Podia ler-se, numa crónica muito antiga de um pároco local, a história de um menino que todos os dias rumava para o amontoado de árvores, pouco antes do nascer do sol, à procura de uma caravela que o levasse dali. Vira uma, em pequeno, que acabaria desfeita em pedaços de madeira espalhados à tona. Teria sido tão grande o desgosto que o petiz chorou, afirmava o escriba insuspeito, uma semana seguida. Depois, parou de chorar. Quem por ele choraria, dez anos passados sobre a primeira tragédia, seria a mãe que o viu deitar-se ao mar em perseguição alucinada de um barco distante que só ele descortinara no breu. Era tão irreprimível assim a sua vontade de fugir. O corpo do rapaz nunca regressaria e, por indicação dos religiosos e dos políticos locais, acabaria por se erigir outro mamarracho na falésia sob a forma de uma diminuta capela. Um mausoléu, para espantar assombrações, tal e qual o velho farol agora em ruína...

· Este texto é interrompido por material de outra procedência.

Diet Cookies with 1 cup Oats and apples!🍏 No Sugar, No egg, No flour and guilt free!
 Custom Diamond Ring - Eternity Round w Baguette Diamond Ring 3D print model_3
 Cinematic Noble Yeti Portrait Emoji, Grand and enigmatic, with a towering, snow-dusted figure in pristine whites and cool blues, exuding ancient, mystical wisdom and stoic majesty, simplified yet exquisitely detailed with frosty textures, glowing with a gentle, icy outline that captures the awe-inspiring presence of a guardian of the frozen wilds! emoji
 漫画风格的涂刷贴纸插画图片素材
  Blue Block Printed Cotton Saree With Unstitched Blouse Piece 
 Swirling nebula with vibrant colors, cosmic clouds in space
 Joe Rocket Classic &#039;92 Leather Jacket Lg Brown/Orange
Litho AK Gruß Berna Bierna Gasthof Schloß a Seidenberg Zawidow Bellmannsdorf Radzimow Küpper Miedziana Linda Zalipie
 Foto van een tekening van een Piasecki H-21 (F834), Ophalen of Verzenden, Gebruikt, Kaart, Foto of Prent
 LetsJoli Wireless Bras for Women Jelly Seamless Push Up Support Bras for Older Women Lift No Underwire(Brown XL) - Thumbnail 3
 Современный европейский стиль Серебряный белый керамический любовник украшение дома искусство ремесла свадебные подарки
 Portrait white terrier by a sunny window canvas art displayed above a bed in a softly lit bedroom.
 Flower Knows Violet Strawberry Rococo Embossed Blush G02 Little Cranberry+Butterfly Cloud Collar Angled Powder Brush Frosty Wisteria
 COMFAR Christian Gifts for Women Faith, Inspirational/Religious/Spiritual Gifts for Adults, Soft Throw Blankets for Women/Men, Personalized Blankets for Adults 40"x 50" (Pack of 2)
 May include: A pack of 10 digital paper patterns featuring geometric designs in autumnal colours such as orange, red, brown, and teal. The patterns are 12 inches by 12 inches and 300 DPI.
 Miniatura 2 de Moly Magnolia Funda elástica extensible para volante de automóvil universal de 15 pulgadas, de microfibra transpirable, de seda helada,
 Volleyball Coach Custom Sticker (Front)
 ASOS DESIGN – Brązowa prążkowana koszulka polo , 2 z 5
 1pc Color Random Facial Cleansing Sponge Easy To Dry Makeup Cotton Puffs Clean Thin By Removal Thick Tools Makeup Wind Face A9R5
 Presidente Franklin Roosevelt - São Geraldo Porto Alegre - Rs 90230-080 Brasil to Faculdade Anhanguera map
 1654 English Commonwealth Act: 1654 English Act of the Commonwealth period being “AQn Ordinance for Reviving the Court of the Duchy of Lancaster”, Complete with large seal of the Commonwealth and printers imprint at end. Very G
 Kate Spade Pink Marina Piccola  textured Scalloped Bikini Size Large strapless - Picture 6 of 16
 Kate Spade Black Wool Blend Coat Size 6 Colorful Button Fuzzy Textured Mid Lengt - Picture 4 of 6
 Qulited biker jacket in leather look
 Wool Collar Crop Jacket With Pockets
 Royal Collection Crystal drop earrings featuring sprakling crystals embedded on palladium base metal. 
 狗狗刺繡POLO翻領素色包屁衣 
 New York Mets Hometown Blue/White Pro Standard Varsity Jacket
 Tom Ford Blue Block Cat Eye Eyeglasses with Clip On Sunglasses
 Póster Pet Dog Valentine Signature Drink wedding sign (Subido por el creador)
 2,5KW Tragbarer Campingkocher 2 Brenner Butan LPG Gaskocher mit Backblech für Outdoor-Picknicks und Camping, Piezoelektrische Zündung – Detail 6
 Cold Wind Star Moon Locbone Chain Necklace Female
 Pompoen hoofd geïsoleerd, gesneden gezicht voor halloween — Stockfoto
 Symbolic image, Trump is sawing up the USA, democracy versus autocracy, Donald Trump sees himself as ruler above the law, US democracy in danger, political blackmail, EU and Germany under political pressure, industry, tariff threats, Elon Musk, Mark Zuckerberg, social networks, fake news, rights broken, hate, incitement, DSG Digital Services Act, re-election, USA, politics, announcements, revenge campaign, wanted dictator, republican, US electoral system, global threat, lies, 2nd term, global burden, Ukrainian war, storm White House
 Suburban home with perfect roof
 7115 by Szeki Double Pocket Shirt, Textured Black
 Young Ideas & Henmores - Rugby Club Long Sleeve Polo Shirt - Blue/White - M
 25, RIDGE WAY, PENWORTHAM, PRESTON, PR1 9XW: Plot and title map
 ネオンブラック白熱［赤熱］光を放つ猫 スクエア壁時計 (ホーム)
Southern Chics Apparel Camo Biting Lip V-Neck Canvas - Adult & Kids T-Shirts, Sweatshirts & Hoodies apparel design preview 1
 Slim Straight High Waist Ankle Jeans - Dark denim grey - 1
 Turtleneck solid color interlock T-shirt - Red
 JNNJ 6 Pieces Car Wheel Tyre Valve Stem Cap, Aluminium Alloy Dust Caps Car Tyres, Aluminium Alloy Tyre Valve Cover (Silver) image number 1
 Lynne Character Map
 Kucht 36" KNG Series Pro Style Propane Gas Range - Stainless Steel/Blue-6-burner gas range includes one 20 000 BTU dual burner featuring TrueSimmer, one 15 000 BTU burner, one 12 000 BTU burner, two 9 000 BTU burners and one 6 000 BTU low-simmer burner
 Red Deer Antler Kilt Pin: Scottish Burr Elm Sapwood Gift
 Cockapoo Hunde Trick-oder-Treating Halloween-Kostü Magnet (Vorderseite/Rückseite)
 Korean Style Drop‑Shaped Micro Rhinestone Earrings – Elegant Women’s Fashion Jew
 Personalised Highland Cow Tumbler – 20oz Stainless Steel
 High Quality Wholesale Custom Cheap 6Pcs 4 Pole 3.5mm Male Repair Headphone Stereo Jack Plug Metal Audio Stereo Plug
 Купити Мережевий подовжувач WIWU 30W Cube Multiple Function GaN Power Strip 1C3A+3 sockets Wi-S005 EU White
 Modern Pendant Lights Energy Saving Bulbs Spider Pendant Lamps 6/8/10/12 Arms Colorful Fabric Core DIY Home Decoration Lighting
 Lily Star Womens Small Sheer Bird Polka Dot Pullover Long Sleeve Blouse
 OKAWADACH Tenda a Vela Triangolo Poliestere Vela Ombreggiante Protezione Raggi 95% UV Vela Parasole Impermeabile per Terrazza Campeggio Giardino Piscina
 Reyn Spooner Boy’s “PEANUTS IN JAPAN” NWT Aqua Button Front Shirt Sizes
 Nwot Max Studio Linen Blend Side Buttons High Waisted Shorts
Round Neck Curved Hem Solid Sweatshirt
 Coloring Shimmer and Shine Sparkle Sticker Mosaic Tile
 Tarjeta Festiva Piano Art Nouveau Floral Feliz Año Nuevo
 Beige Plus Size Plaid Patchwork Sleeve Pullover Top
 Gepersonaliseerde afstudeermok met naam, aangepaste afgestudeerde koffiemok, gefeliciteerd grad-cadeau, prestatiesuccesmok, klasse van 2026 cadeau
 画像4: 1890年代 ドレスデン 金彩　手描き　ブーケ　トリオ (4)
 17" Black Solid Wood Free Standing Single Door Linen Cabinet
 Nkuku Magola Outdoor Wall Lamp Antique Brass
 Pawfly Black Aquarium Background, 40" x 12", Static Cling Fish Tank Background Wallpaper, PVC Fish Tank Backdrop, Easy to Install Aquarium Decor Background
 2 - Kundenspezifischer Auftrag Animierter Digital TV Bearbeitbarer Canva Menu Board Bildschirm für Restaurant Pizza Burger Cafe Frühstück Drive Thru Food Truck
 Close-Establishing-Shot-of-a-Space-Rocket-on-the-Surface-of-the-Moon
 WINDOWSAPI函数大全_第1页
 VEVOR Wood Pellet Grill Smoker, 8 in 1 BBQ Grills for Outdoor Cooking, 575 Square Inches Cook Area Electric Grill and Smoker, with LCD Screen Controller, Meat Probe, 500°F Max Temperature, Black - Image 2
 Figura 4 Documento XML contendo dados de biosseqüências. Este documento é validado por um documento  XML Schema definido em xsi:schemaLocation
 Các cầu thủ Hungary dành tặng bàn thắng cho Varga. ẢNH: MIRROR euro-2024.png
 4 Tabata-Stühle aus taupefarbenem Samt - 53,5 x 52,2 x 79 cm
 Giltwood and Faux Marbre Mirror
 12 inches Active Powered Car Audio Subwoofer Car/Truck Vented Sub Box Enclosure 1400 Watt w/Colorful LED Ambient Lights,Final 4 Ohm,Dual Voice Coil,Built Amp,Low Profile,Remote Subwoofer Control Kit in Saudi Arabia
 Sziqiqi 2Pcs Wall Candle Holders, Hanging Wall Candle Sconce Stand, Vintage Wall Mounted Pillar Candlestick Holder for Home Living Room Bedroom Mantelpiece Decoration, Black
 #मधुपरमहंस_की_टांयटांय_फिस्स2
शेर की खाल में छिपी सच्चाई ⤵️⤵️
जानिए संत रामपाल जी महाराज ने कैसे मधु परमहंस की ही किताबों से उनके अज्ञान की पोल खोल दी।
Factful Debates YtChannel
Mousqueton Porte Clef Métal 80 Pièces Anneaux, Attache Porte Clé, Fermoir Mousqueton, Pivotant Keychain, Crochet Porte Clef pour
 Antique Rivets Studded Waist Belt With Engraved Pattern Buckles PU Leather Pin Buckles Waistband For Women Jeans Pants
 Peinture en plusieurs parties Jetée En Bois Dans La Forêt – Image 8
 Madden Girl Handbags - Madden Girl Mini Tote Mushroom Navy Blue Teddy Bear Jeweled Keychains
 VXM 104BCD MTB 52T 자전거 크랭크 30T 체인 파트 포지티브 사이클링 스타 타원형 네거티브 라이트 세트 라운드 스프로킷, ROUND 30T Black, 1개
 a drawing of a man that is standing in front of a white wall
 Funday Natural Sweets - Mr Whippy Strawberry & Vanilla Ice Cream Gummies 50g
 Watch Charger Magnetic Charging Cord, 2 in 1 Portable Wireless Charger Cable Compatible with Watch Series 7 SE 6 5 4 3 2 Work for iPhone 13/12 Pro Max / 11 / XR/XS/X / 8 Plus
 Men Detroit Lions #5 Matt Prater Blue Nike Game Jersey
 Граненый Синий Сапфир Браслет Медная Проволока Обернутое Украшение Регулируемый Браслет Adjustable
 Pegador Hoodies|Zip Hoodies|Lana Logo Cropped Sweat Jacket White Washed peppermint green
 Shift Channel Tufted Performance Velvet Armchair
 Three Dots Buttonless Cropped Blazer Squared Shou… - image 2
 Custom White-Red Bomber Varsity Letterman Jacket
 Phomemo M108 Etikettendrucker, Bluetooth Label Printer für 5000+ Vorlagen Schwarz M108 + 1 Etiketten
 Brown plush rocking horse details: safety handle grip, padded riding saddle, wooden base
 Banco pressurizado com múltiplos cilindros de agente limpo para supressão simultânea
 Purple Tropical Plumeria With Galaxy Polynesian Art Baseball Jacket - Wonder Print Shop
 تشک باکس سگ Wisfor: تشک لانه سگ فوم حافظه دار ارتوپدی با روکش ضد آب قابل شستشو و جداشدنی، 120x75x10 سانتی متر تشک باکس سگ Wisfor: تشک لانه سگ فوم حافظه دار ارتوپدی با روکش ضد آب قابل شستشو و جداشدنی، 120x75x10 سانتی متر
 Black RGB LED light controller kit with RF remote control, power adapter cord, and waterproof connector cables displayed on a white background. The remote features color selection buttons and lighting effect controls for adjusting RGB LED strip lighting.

Sentado na copa de uma árvore vergada, tento imaginar a figura do menino cujo trauma lhe cristalizara na alma a vontade de sair dali, olhando o mar em silêncio à procura de recortes mais escuros ainda do que o horizonte habitual. De sombras da esperança de um dia partir.
E recordo outro menino que eu fui, diariamente ao pôr-do-sol, à espera das estrelas no céu que simbolizavam a minha própria vontade de fugir, o destino alternativo à miséria de vida que me esperava ali. Naves espaciais pilotadas por mim. Ou discos voadores com pequenos marcianos que me sabiam disponível e preparado para a longa viagem. Só de ida, que o regresso não seria hipótese a considerar.
Nunca apareceram, os alienígenas ou os meus talentos inatos de explorador espacial. Mas não tive a coragem e a loucura necessárias para me catapultar da falésia rumo ao céu estrelado e ao sonho de recomeçar a existência num melhor ponto de partida. Optei pela resignação. Aprendi a arte de iluminar o vazio, sempre que surge uma verba para reparar o obsoleto mecanismo do facho que desvenda aos escassos habitantes de Vila Aparecida a realidade do seu cativeiro. Como o holofote sinistro de um campo de concentração, sem nada de bom para iluminar.

Destilo as amarguras de faroleiro frustrado na noites inúteis de vigília do vazio.
Todavia, e isto desconcerta-me, quando a máquina suspende os gemidos de angústia por lhe prolongarem a agonia, aproveito a folga forçada e a luz apagada para olhar em frente e na minha mente permitir que desfilem os contornos difusos, as sombras da minha ilusão de fugir um dia, escondidas por detrás da minha vontade rejeitada de viver num lugar triste mas ao qual sempre senti (e sei) realmente pertencer.